Yates directs Pain Hustlers similarly to The Wolf of Wall Street and The Big Short, and that’s a hurdle he never overcomes. The film treats the opioid crisis with a light tone for so much of the movie that, eventually, when it tries to apply real-life stakes, it never rings true. If Yates wanted to tell it from the perspective of those responsible for starting the epidemic, he needed to fully embrace their complete disregard for those they killed for profit. However, the onus isn’t totally on Yates as this also lies heavily in the writing, but it cements the idea that Yates is only ever as good as the script he’s working with.
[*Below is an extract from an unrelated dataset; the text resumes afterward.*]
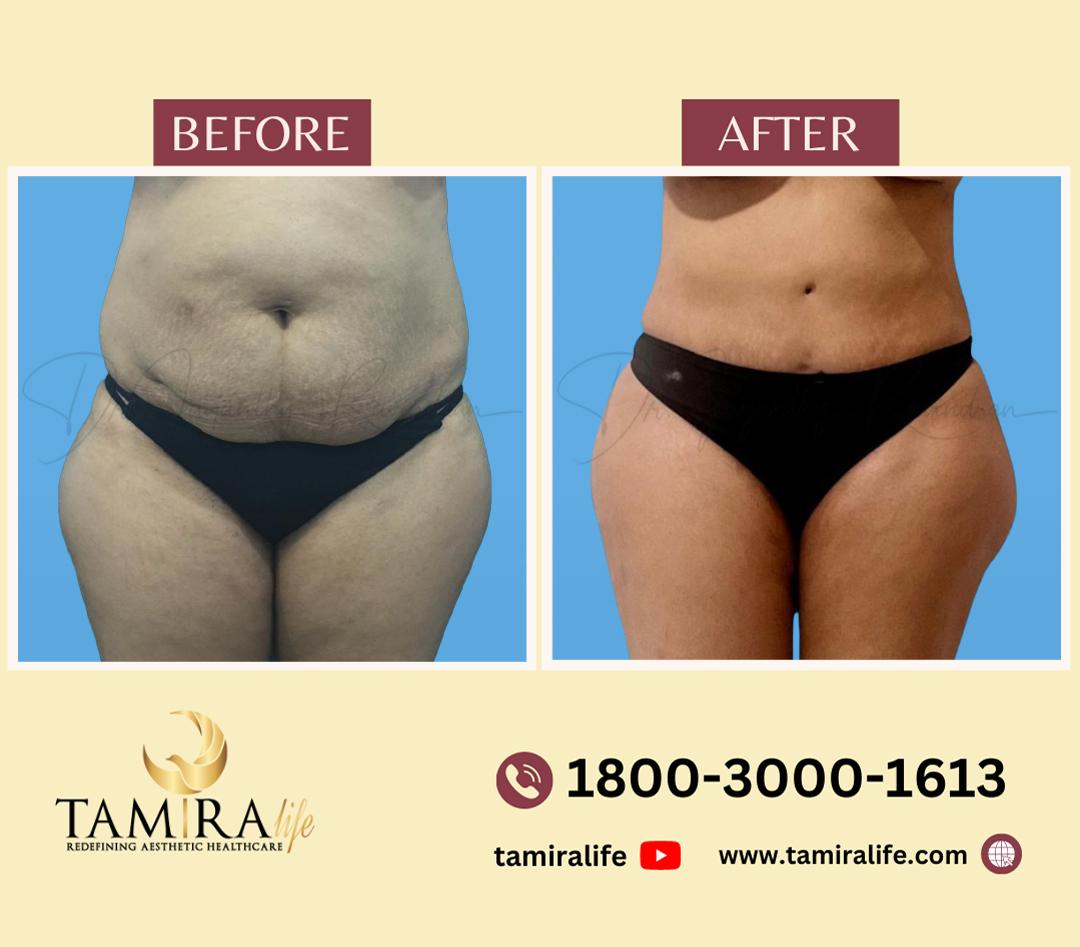 Tummy Tuck - Before & After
Blunt mostly rises above the lacklustre material, and Chris Evans continues his post-MCU hot streak of lacklustre projects. It’s a shame because he’s marvellous as Captain America. Unfortunately, even their charm and Evans’ Boston accent aren’t enough to carry this movie for longer than ten minutes.
By the time Pain Hustlers is over, it’s painfully obvious that Netflix just needed something to release one weekend in October. Even if this project has been in development for a while, at the time of Dopesick’s release, Yates should have thrown in the towel as Jennifer Lawerence did with her Elizabeth Holmes movie after The Dropout. Ultimately, Pain Hustlers isn’t the worst movie ever made, but is simply one that never bothers to justify its existence. Isn’t that worse?